Under Federal Rule of Civil Procedure 55, a party may move for default judgment after obtaining an entry of default. See Fed R. Civ. P. 55(a)-(b); United States ex rel. TTL Assocs. v. Edge Constr. Co., No. 06-14453, 2007 WL 295219, at *1-2 (E.D. Mich. Jan. 26, 2007). A clerk's entry of default against a defendant pursuant to Rule 55(a), however, does not mean that a plaintiff necessarily prevails and is entitled to any relief demanded in a complaint. See United States v. Conces, 507 F.3d 1028, 1039 (6th Cir. 2007). The first step when faced with an entry of default and a motion for default judgment is to determine whether the complaint's factual allegations provide a sufficient legal basis for the entry of a default judgment. See Coach, Inc. v. Cellular Planet, No. 2:09-cv-00241, 2010 WL 1853424, at *3 (S.D. Ohio May 7, 2010) (citation omitted); Krowtoh II LLC v. Excelsius Int'l Ltd., No. 04-505-KSF, 2007 WL 5023591, at *3 (E.D. Ky. Dec. 17, 2007); cf. Gen. Conference Corp. of Seventh-Day Adventists v. McGill, 617 F.3d 402, 407 (6th Cir.2010) (stating that a default judgment does not preclude review of whether the complaint's allegations, if taken as true, state a claim sufficient to support a judgment of liability).

The second step is that the Court must determine the relief to which plaintiffs are entitled. See Vesligaj v. Peterson, 331 F. App'x 351, 355 (6th Cir. 2009); Osbeck v. Golfside Auto Sales, Inc., No. 07-14004, 2010 WL 2572713, at *4-5 (E.D. Mich. June 23, 2010) (citations omitted); Coach, 2010 WL 1853424, at *3 (citation omitted). A hearing is not necessary when determining appropriate relief does not require a court to conduct an accounting, determine the amount of damages, establish the truth of any allegation by evidence, or investigate any other matter. See Fed. R. Civ. P. 55(b)(2); Joe Hand Promotions, Inc. v. Willis, No. 5:08 CV 2786, 2009 WL 369511, at *1 (N.D. Ohio Feb. 11, 2009).

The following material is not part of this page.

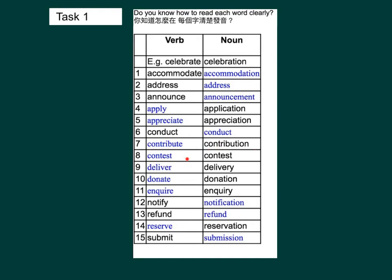Verb: contribute. Noun: contribution. Verb: contest. Noun: contest. Verb: deliver. Noun: delivery. Verb: donate. Noun: donation. Verb: inquire. Noun: inquiry. Verb: notify. Noun: notification. Verb: refund. Noun: refund. Verb: reserve. Noun: reservation. Verb: submit. Noun: submission. Now you can circle the syllable that is stressed for each verb.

Here, the Court determines that the Intervenor Complaint's factual allegations provide a sufficient legal basis for the entry of a default judgment. As to the appropriate relief, in the Intervenor Complaint, the intervenor plaintiff seeks, "That upon a hearing of this matter, a Declaratory Judgment be entered by the Court declaring that Progressive has no duty to indemnify or defend C.R. Williams Transportation, Inc., or Carlton Williams in regard to the loss described in the original Complaint or the litigation in this matter and that no coverage from the North Carolina Commercial Auto Policy applies to the claims asserted by the plaintiff in the original complaint accordingly." The motion for default judgment only applies to Carlton Williams and C.R. Williams Transportation, Inc. Thus, the appropriate relief is a declaration that Progressive has no duty to indemnify or defend C.R. Williams Transportation, Inc. or Carlton Williams in regard to the loss described in the original Complaint or the litigation in this matter. The prayer for relief as to Forward Air will be addressed in the Memorandum Opinion on Progressive's Motion for Summary Judgment.

V. Conclusion

In sum, the intervening plaintiff's motion is GRANTED. As such, the Court DECLARES that Progressive has no duty to indemnify or defend C.R. Williams Transportation, Inc. or Carlton Williams in regard to the loss described in the original Complaint or the litigation in this matter.

FootNotes


1. Also pending before the Court is intervening plaintiff's Motion for Summary Judgment, [Doc. 28], and Motion for Rule 16 Case Management Conference, [Doc. 31]. The Court will address these motions by separate order filed simultaneously herewith.